An exponential challenge

The greatest shortcoming of the human race is our inability to understand the exponential function.

Professor Al Bartlett

You have a beautiful pond in your back garden. On Monday you spot a lily pad in one corner.

By the end of Friday lily pads are starting to take over a noticeable area of the pond, if they cover too much your fish will suffocate. You have other plans for the weekend and it’s not yet urgent so you add it to the list of things to tackle next week.

But when you take a look again on Monday this is what you see.

Cognitive psychologists explain the difficulty of grasping exponential change as an ‘exponential growth bias’, where we treat exponential change as if it was linear. We have an intuitive preference to see growth as a steady increase. This means we experience exponential change as initially slow then suddenly as rapid, surprising, disruptive, uncontrollable, incomprehensible.

In linear arithmetic growth, quantities increase by a fixed amount over a given period of time.

In exponential growth the amount by which a quantity of something increases in a given time period is proportional to the quantity already there, this amount is therefore continuously getting larger from one time period to the next. The time required for a quantity growing exponentially to double is constant. Interventions or interactions with other systems may change the doubling time, but the if the pattern of growth remains exponential the rate of increase is itself increasing. A few doublings can lead quickly to enormous numbers.

The difficulty is that effective preparations and interventions need to be made at a point where the rate of growth is apparently very small. Scenario planning that engages properly with exponential growth is difficult. This is clearly demonstrated in the rapid escalation of the COVID19 pandemic in the UK. On 22nd January 2020 Public Health England moved the risk level from “very low” to “low”, there were no confirmed cases in the UK. Two cases were confirmed by 30th January. Confirmed cases exceeded 100 on 2nd March, and 1000 on 11th March. By the time lockdown restrictions were implemented by law on 26th March there had been 20,823 confirmed cases.[1]

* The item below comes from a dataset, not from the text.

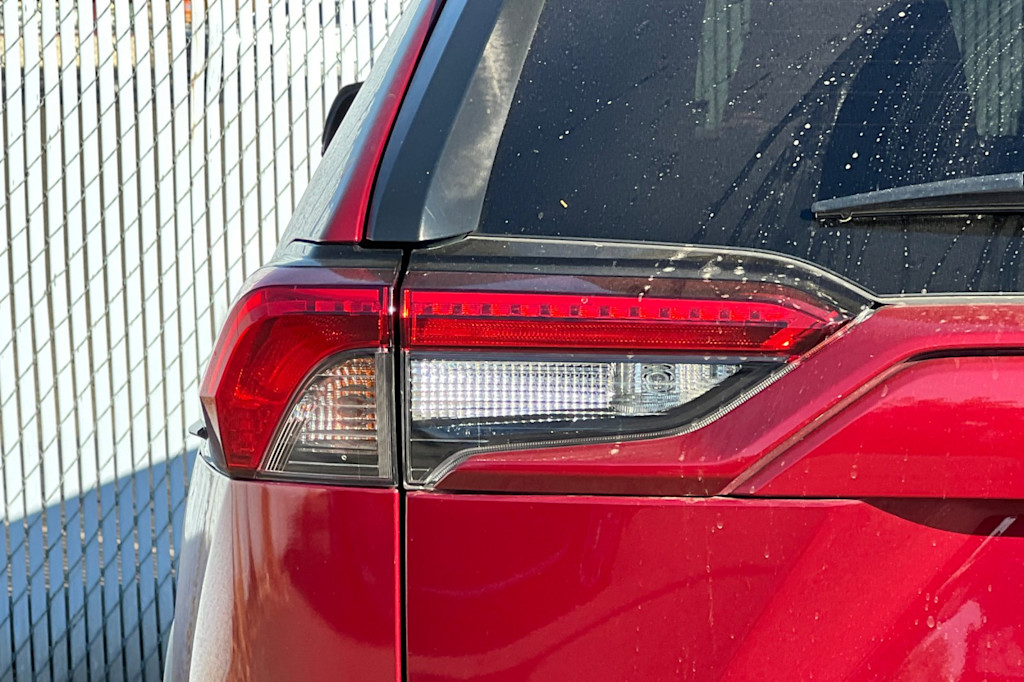 Thumbnail: 2020 Toyota RAV4 - 24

Exponential growth can bring unexpected consequences because very large numbers are generated so quickly, which means fixed limits are reached far more suddenly than anticipated. The lily pads are growing at an exponential rate with a doubling time of one day. This means that when the lily pads cover half of the pond, there is just one day left to take action before the whole pond is overrun.

Life exists on Earth as part of a complex network of inter-related systems. Human populations consume a mix of renewable and non-renewable natural resources and emit waste and pollution. There are limits to the rate of extraction and emission that can be sustained globally without exceeding the finite productive or absorptive capacities of the world. Exponential patterns of consumption and emission mean that we are likely to reach and overshoot these capacity limits much faster than we expect. The discovery of additional resources or the use of technology to reduce the rate of emission do not fundamentally change this as long as resource consumption continues exponentially.[2]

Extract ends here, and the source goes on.